Late-binding of function defaults (was Re: What is a function parameter =[] for?)

Wed Nov 25 21:01:56 EST 2015

On Thu, 26 Nov 2015 12:20 am, BartC wrote:

> On 25/11/2015 10:52, Steven D'Aprano wrote:
>> On Wed, 25 Nov 2015 07:14 pm, Antoon Pardon wrote:
> 
>>> What exactly is your point?
>>
>> That there is a simple analogy between the distinction between code
>> inside/outside a for-loop, and code inside/outside a function. If you can
>> understand why this loops forever, instead of just twice, then you can
>> understand why function defaults work the way they do:
>>
>> L = [1, 2]
>> for i in L:
>>      L.append(i)
>>      print(L)
>>
>>
>> There is nothing "bizarre" or complicated or difficult to understand
>> happening here.
> 
> What do you think most people would expect to happen here? 

I wouldn't try to guess what "most" people would expect. Their expectations
would depend on what exposure they have had with programming languages, if
any, what languages those are, and how well they grok the idea of
simulating code in their own head.

> I know, 
> because you gave a spoiler, that it loops forever, otherwise I wouldn't
> be sure /without trying it/ (but I tried it anyway).
> 
> Here's the same code in a somewhat different language:
> 
> L := (1,2)
> for i in L do
> |   L append:= i
> |   println L
> od
> 
> And this is the output:
> 
> (1,2,1)
> (1,2,1,2)
> 
> Which output (infinite series of [1,2,1,2,1,....] or the above) is more
> sensible, and which do you think people might prefer?

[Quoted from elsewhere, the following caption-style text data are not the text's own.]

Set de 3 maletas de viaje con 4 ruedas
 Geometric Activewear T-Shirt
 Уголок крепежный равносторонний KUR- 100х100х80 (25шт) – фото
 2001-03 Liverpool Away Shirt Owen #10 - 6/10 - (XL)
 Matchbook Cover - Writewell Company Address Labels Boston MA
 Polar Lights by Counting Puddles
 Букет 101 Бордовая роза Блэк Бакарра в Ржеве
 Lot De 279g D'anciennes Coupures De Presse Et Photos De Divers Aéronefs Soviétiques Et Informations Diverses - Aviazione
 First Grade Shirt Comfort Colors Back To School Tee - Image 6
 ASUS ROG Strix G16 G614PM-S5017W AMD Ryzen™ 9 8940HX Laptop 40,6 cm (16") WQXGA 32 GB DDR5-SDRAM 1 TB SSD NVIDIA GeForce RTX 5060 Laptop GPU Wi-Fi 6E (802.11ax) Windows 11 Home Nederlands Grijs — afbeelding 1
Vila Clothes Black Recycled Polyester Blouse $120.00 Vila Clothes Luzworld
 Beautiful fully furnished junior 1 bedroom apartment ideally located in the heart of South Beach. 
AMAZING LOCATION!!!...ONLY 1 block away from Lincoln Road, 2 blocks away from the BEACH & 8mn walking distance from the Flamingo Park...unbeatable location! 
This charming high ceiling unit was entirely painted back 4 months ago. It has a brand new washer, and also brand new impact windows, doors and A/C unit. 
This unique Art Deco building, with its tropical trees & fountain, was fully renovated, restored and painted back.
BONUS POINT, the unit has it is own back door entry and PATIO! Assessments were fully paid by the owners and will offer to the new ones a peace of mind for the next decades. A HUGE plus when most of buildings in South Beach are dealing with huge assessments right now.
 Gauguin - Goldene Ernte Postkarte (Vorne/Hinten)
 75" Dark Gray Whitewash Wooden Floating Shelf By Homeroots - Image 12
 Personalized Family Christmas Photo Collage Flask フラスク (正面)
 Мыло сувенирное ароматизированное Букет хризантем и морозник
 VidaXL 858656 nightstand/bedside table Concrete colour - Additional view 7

The infinite loop is more sensible, and people would prefer the above
output. Who wants an infinite loop? That's nearly always a bug.

But consider why, bug or no bug, the Python version which leads to an
infinite series should be preferred over the other version. I can think of
at least three reasons why the Python behaviour is objectively better,
despite leading to an unwanted infinite loop in this specific case.

(1) The Python version avoids always making a copy of the (potentially huge)
list before looping over it. That makes the performance of for-loops more
predictable and avoids horrible surprises:

for x in L:
    break

takes the same amount of time to execute whether L has one item or a hundred
billion items. The for-loop *overhead* (as opposed to the cost of the loop
itself) is a fixed, small amount.

(2) The Python version has a cleaner, easier to understand execution model.
Apart from two obvious exceptions (on the left hand side of an assignment,
or following the "del" statement) all uses of the name L have the same
meaning. Whether you write:

    for x in L

    if "foo" in L

    while L

    L + [1, 2]

    len(L)

    L or []

    L.append(42)

or any other expression, all uses of the name L evaluate to the same thing:
the object currently bound to that name. You don't have to try to remember
which uses evaluate to the original object and which make a copy. It is
*never* a copy -- if you want a copy, you can copy it yourself. (Use the
copy module, copy.copy(L), or take a slice, L[:].)

The cost of this is that you are always responsible for making a copy, since
Python won't automatically do it for you (whether you want a copy or not).
But the benefit is that you avoid making unnecessary copies. 

I infer from the line "L append:= i" that your language doesn't always make
a copy (otherwise, how could you modify the original?). That means that
you, the programmer, still has to manage the copying of the list, exactly
the same as we have to do with Python. The difference is, Python doesn't
lure you into a false sense of security by *sometimes* making that copy for
you. The rules are:

"In Python, if you want a copy of the list, make a copy yourself."

versus:

"In BartC's language, if you want a copy of the list, look up the operation
you are about to do to see if it already makes a copy, and if it doesn't,
then make a copy yourself. (Otherwise, you might make two copies.)"

(3) What if you don't want a copy? How does one disable that feature? Or
does your language simply declare that "you can't do that"?

for item in queue:
    process(item)
    if condition: queue.append(something)

What's the most natural equivalent to that code snippet in your language?

> The point is that the behaviour of the loop is by no means obvious, so
> neither is the behaviour of the function defaults.

I'm pretty sure that nobody said the behaviour was obvious in the sense of
predictable to those unfamiliar with the rules of the language. There's
even a FAQ about it.

There's a big difference between *obvious in advance* and *obvious in
hindsight once an explanation is given*.

-- 
Steven